The "Not So Simple" Rules of Trading
GO WHERE THE STRENGTH IS
R U L E 5
The objective of what we are after is not to buy low and to sell high, but to buy high and to sell higher, or to sell short low and to buy lower.
We can never know what price is really "low," nor what price is really "high." We can, however, have a modest chance at knowing what the trend is and acting on that trend. We can buy higher and we can sell higher still if the trend is up. Conversely, we can sell short at low prices and we can cover at lower prices if the trend is still down. However, we've no idea how high high is, nor how low low is.
Nortel went from approximately the split-adjusted price of $1 share back in the early 1980s, to just under $90/share in early 2000 and back to near $1 share by 2002 (where it has hovered ever since). On the way up, it looked expensive at $20, at $30, at $70, and at $85, and on the way down it may have looked inexpensive at $70, and $30, and $20--and even at $10 and $5. The lesson here is that we really cannot tell what is high and/or what is low, but when the trend becomes established, it can run far farther than the most optimistic or most pessimistic among us can foresee.
R U L E 6
Sell markets that show the greatest weakness; buy markets that show the greatest strength.
Metaphorically, when bearish we need to throw our rocks into the wettest paper sack for it will break the most readily, while in bull markets we need to ride the strongest wind for it shall carry us farther than others.
Those in the women's apparel business understand this rule better than others, for when they carry an inventory of various dresses and designers they watch which designer's work moves off the shelf most readily and which do not. They instinctively mark down the work of those designers who sell poorly, recovering what capital then can as swiftly as they can, and use that capital to buy more works by the successful designer. To do otherwise is counterintuitive. They instinctively buy the "strongest" designers and sell the "weakest." Investors in stocks all too often and by contrast, watch their portfolio shift over time and sell out the best stocks, often deploying this capital into the shares that have lagged. They are, in essence, selling the best designers while buying more of the worst. A clothing shop owner would never do this; stock investors do it all the time and think they are wise for doing so!
MAKING "LOGICAL" PLAYS IS COSTLY
R U L E 7
Rule 6 addresses what might seem like a logical play: selling out of a long position after a sharp rush higher or covering a short position after a sharp break lower--and then trying to play the market from the other direction, hoping to profit from the supposedly inevitable correction, only to see the market continue on in the original direction that we had gotten ourselves exposed to. At this point, we are not only losing real capital, we are losing mental capital at an explosive rate, and we are bound to make more and more errors of judgment along the way.
Actually, in a bull market we can be neutral, modestly long, or aggressively long--getting into the last position after a protracted bull run into which we've added to our winning position all along the way. Conversely, in a bear market we can be neutral, modestly short, or aggressively short, but never, ever can we--or should we--be the opposite way even so slightly.

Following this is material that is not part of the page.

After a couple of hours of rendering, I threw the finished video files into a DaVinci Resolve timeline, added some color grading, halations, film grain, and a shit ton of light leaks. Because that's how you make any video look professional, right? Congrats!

Many years ago I was standing on the top step of the CBOT bond-trading pit with an old friend Bradley Rotter, looking down into the tumult below in awe. When asked what he thought, Brad replied, "I'm flat ... and I'm nervous." That, we think, says it all...that the markets are often so terrifying that no position is a position of consequence.
R U L E 8
"Markets can remain illogical far longer than you or I can remain solvent."

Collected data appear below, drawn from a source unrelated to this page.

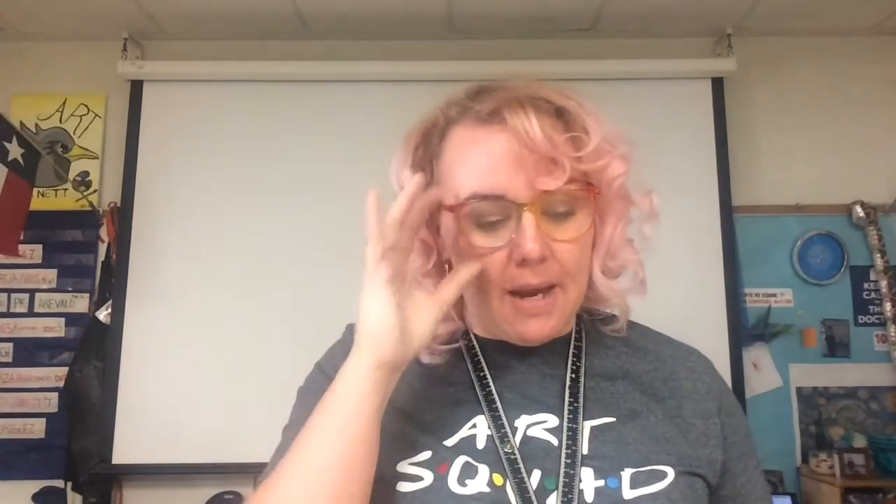Hi friends, it's your art teacher, Ms. Barnett, and in this week's lesson titled Moods of Weather. We've been talking about how artists all over the world are sometimes so in awe with the beauty and sometimes scary weather that we experience, that they make beautiful pictures that show sunny days, wind, rainbows, and other weather events.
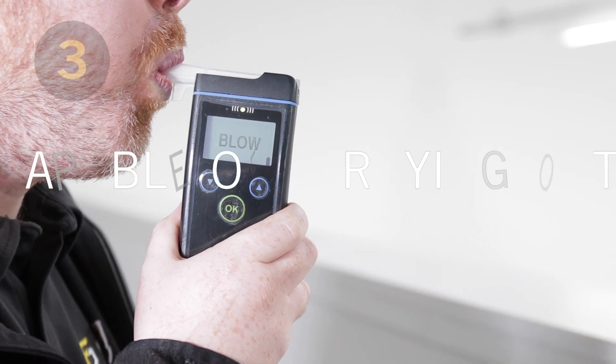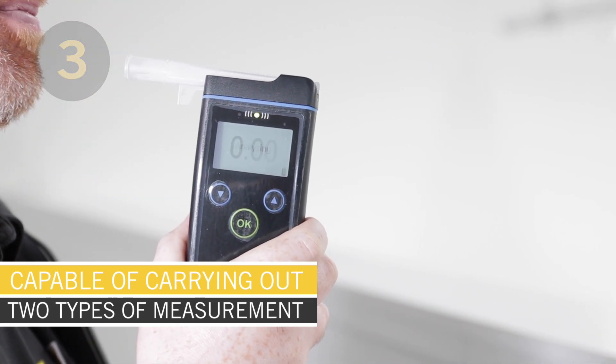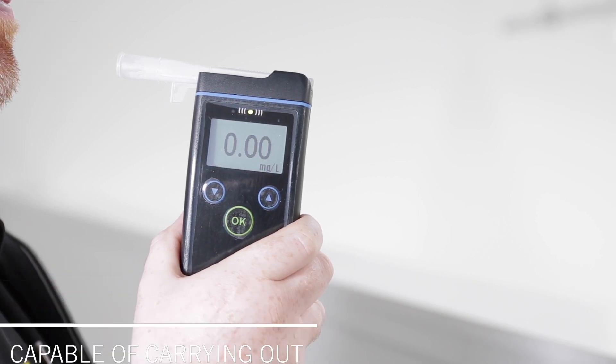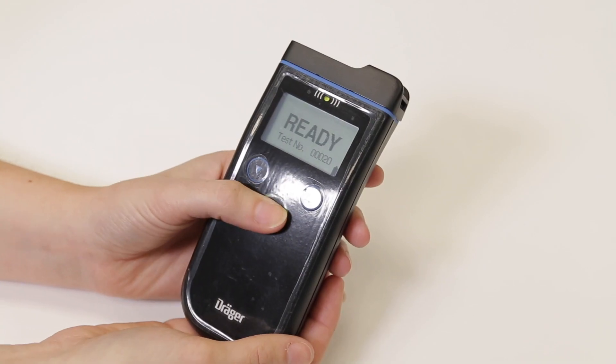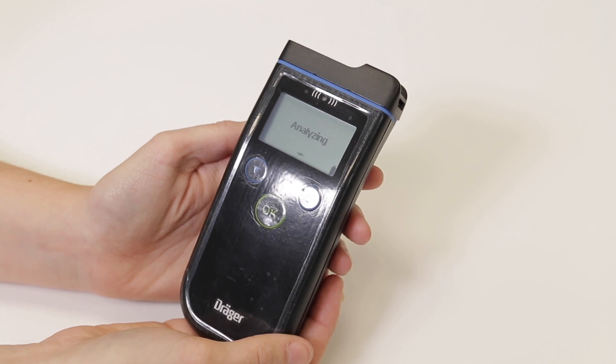It's capable of carrying out two different measurements. It can carry out a measurement of a person's breath using the mouthpiece, or it can carry out a passive sample of the ambient air or breath of an uncooperative or unconscious person.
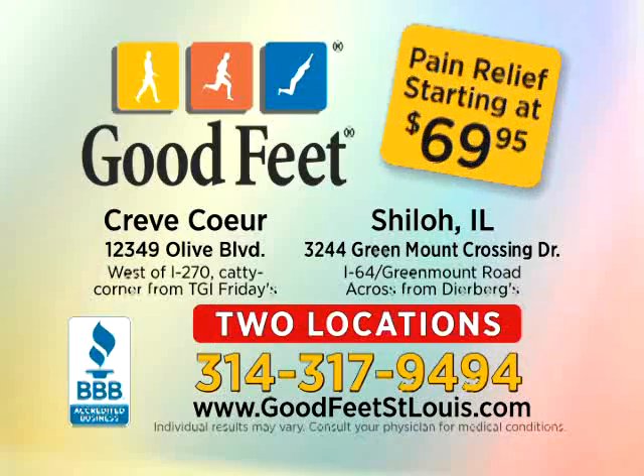I'm back to doing what I love and more, thanks to the Good Feet Store. Visit the Good Feet Store's two locations: Crete Corp and Shiloh, Illinois.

I understand that it was Lord Keynes who said this first, but the first time I heard it was one morning many years ago when talking with a very good friend, and mentor, Dr. A. Gary Shilling, as he worried over a position in U.S. debt that was going against him and seemed to go against the most obvious economic fundamentals at the time. Worried about his losing position and obviously dismayed by it, Gary said over the phone, "Dennis, the markets are illogical at times, and they can remain illogical far longer than you or I can remain solvent." The University of Chicago "boys" have argued for decades that the markets are rational, but we in the markets every day know otherwise. We must learn to accept that irrationality, deal with it, and move on. There is not much else one can say. (Dr. Shilling's position shortly thereafter proved to have been wise and profitable, but not before further "mental" capital was expended.)
R U L E 9
Trading runs in cycles; some are good, some are bad, and there is nothing we can do about that other than accept it and act accordingly.

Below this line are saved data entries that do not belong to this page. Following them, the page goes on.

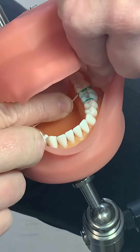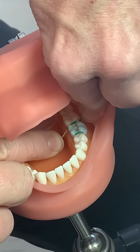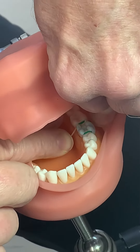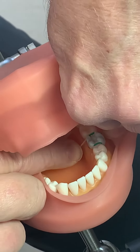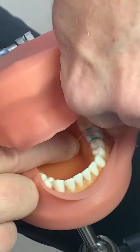Go in, down in between, and kind of slide back and forth. It's usually really tight, and that's why we have to put a separator in there. There we go.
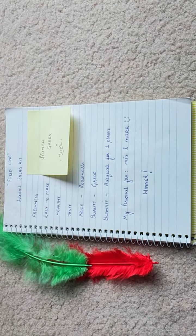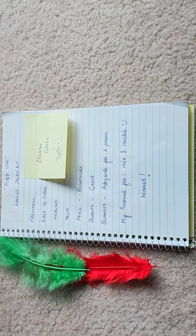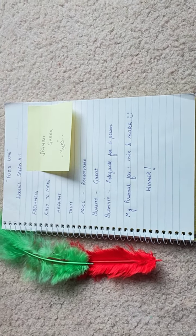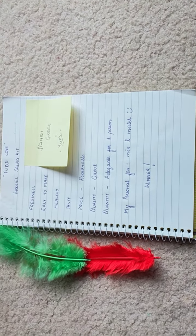Hey everyone, it's Nidhi here. Today I'm doing my review for the Woolies salad kit Spanish Greek. I'm actually going to be reviewing all of the different varieties — the vegetarian ones — because I've tried all of them and I love all of them. The Spanish Greek is very tasty, very delicious, and they're all very fresh.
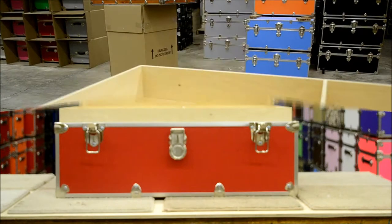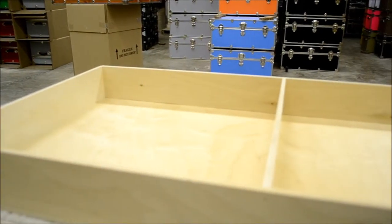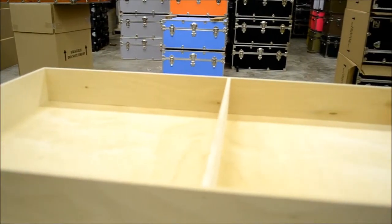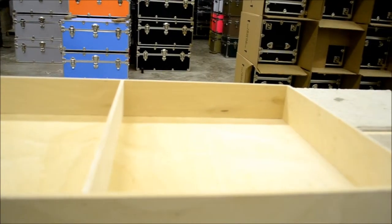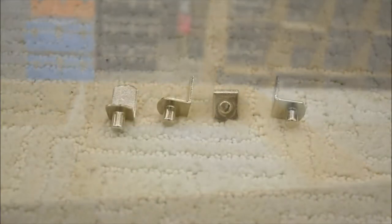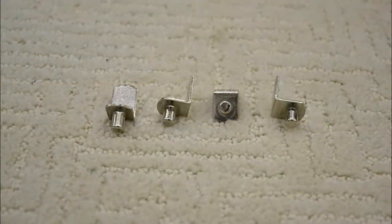Rhino trunks come with the option of adding a hardwood tray. A tray can make for a nice addition as it creates another layer of storage in your trunk and will help keep it organized. The hardwood trays come with four tray pegs that will be inserted into the trunk.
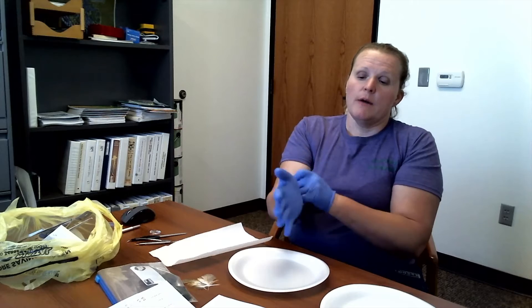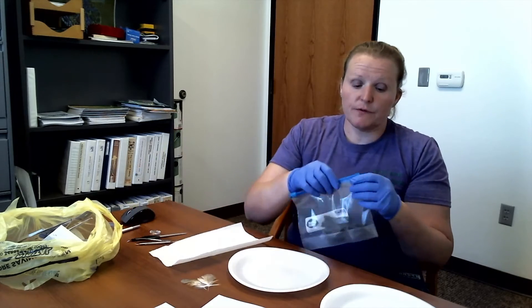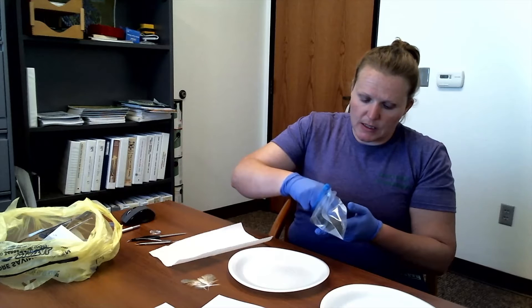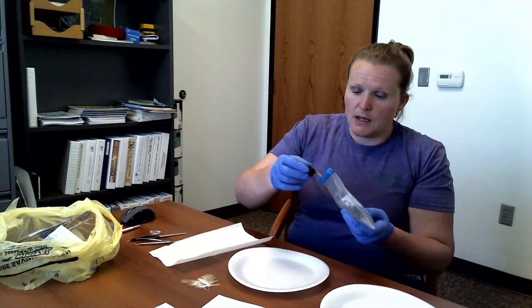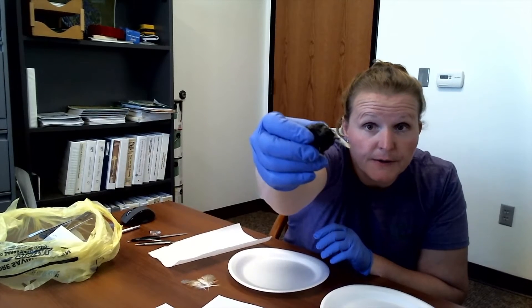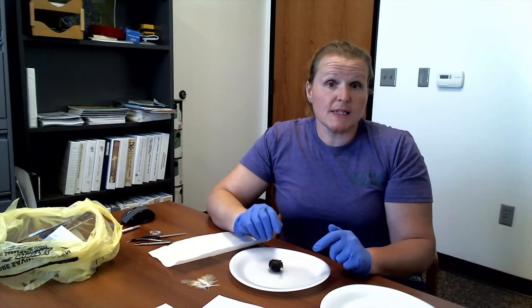We're going to get started — glove up first. We're doing this just to keep my hands clean. Also, you never know what you're going to find inside, so if there's something sharp I may not want to get poked, but using your tweezers should help as well. I'm going to grab an owl pellet. These were fresh as of yesterday. I'm going to pull it out and the first thing I notice — not huge — but there's a songbird feather sticking right out of this pellet. So we're going to get started.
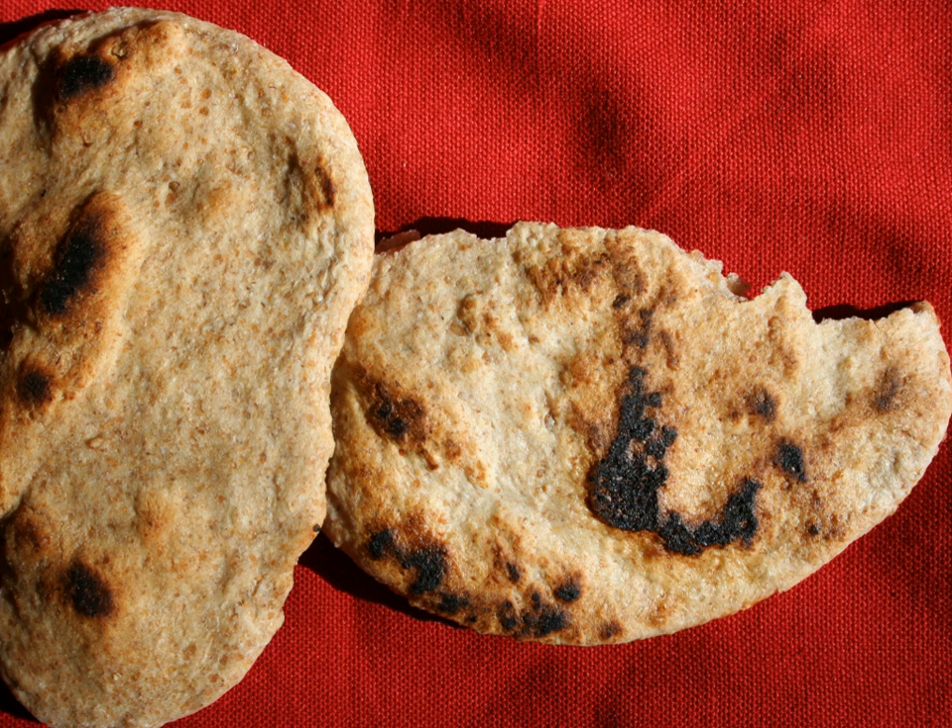In 2018, charred breadcrumbs were found at a Natufian site called Shubika 1 in Jordan and Harat-Ash-Sham, the Black Desert, dating to 14,400 BC — some 4,000 years before the start of agriculture in the region. Analysis showed that they were probably from flatbread containing wild barley, einkorn wheat, oats, and Bolboschoenus glaucus tubers.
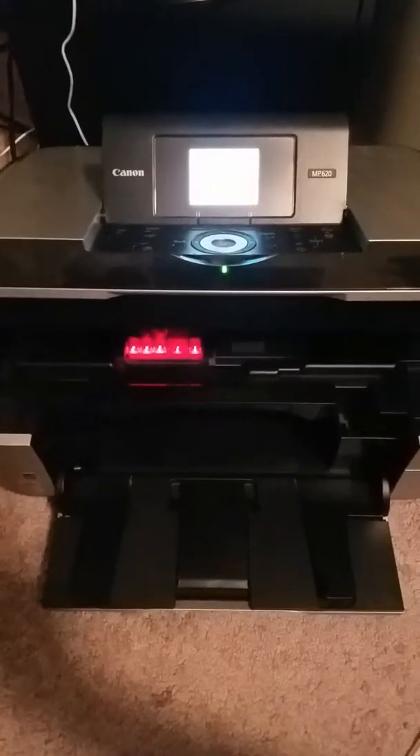Alright, so today I'm going to show you just a really, really basic video. This is how you're going to replace your Canon MP620 ink.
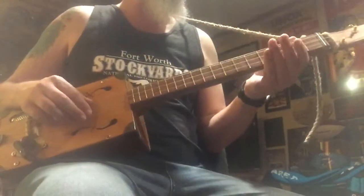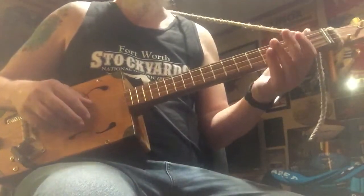Ok, another guitar for sale. This is pretty much what it seems like.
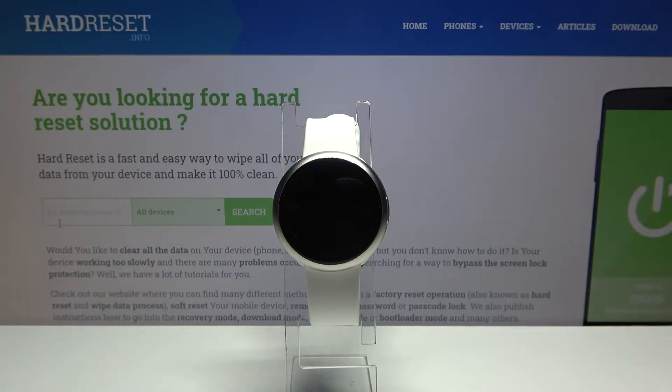Hi, in front of me I have my Kronos ZRound 2 and I'm going to show you how to change the date and time settings on this device.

The academics will never understand this, but those of us who trade for a living know that there are times when every trade we make (even the errors) is profitable and there is nothing we can do to change that. Conversely, there are times that no matter what we do--no matter how wise and considered are our insights; no matter how sophisticated our analysis--our trades will surrender nothing other than losses. Thus, when things are going well, trade often, trade large, and try to maximize the good fortune that is being bestowed upon you. However, when trading poorly, trade infrequently, trade very small, and continue to get steadily smaller until the winds have changed and the trading "gods" have chosen to smile upon you once again. The latter usually happens when we begin following the rules of trading again. Funny how that happens!